Pero prefiero volver a ver a Ravelstein que explicar cuestiones que no sirve de nada explicar:
Ravelstein, que está vistiéndose para salir, habla conmigo y yo lo sigo de un lado a otro tratando de oír qué dice. De su aparato de alta fidelidad se derrama la música, los múltiples planos de su cabeza desnuda y calva me anteceden pasillo adelante entre la sala de estar y su monumental dormitorio principal. Se para delante del entrepaño de vidrio —aquí no hay espejos de pared—, y se coloca en los puños los gemelos de oro macizo, se abrocha la camisa a rayas Kisser & Asser de Jermyn Street. La lavandería y tintorería American Trustworthy le entrega las camisas rellenas de papel de seda. El almidón hace crujir el cuello de la camisa al levantárselo para pasar la corbata. Se la ata en un lujuriante nudo. Los titubeantes dedos, largos, mal coordinados, nerviosos hasta el límite de la decadencia, la anudan con doble vuelta. A Ravelstein le gustan los nudos de corbata grandes; al fin y al cabo, es un hombre alto. Se sienta después sobre los cuidados vellones de la cama y se calza las botas Wellington de color tostado Poulsen and Skone. Tiene el pie izquierdo varios números más pequeño que el derecho, pero no cojea. Fuma, por supuesto, fuma siempre, y ladea la cabeza para evitar el humo mientras se ata los cordones y coloca el lazo en su sitio. Los cantantes y la orquesta desparraman La italiana en Argel por toda la casa. Es música para vestirse, música accesoria o de ambiente, pero Ravelstein adopta una postura nietzscheana, propicia a la comedia y a los estrados. Mejor Bizet y Carmen que Wagner y el Anillo. A Ravelstein le gusta poner al máximo el volumen del potente aparato. Que se encargue el contestador del teléfono de recoger las llamadas. Se pone su traje de cinco mil dólares, lana italiana entremezclada con seda. Con las puntas de los dedos tira de la bocamanga y se restriega la parte superior de la cabeza. Tal vez esté deleitándose con la serenata en la que intervienen tantos instrumentos, tantos músicos. Mantiene correspondencia con las editoras de discos compactos del otro lado del Telón de Acero. Dispone de quien se ofrece a ir de su parte a la oficina de correos a pagar en su nombre los gastos de aduanas.
—¿Qué te parece esa grabación, Chick? —dice—. Tocan con los instrumentos antiguos originales del siglo diecisiete.

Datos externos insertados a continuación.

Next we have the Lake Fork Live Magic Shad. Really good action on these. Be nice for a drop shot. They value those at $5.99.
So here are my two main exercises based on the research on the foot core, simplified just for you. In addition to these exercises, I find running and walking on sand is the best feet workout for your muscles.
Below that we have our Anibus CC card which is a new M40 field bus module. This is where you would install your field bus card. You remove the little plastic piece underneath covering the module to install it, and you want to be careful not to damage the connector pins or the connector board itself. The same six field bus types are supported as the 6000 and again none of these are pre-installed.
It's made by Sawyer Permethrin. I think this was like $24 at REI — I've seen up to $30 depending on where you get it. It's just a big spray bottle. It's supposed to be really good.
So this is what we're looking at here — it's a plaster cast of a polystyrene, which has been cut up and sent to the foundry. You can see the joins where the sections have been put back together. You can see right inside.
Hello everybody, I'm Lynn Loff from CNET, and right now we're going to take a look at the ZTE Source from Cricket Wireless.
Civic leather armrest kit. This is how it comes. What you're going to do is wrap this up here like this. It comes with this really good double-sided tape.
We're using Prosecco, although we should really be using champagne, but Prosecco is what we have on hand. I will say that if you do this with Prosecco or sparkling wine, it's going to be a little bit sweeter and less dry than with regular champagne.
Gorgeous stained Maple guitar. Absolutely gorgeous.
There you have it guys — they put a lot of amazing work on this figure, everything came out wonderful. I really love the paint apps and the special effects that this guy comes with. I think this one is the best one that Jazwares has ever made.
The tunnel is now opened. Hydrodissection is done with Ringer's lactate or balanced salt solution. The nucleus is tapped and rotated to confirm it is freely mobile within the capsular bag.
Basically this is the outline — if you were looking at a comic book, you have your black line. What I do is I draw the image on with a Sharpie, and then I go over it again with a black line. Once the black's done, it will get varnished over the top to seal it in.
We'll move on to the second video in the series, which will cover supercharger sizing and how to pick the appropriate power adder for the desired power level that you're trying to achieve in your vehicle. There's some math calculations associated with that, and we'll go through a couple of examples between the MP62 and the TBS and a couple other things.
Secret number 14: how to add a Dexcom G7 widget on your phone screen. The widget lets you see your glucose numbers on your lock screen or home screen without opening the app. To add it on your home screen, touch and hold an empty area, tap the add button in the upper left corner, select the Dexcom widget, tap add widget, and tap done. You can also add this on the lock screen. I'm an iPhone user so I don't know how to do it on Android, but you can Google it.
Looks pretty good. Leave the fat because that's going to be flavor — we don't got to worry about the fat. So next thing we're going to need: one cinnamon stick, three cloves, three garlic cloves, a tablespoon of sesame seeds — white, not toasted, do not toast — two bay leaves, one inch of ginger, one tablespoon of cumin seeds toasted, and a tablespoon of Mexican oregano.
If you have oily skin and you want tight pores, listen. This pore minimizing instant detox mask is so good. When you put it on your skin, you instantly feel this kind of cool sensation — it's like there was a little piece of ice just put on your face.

Se pierde en la música sublime, una música en la que se disuelven las ideas que se reflejan después en sentimientos. Ravelstein se los lleva con él a la calle. Los altos arbustos se han vestido de nieve temprana, los mismos arbustos que se llenan de bandadas de loros..., los que escaparon un día de sus jaulas y ahora se construyen, en algunos callejones, nidos en forma de largos sacos. Se alimentan de bayas rojas. Ravelstein me mira, ríe entre contento y asombrado, gesticula porque la algarabía de pájaros me impide oír su voz.
No es fácil entregar a un ser como Ravelstein a la muerte.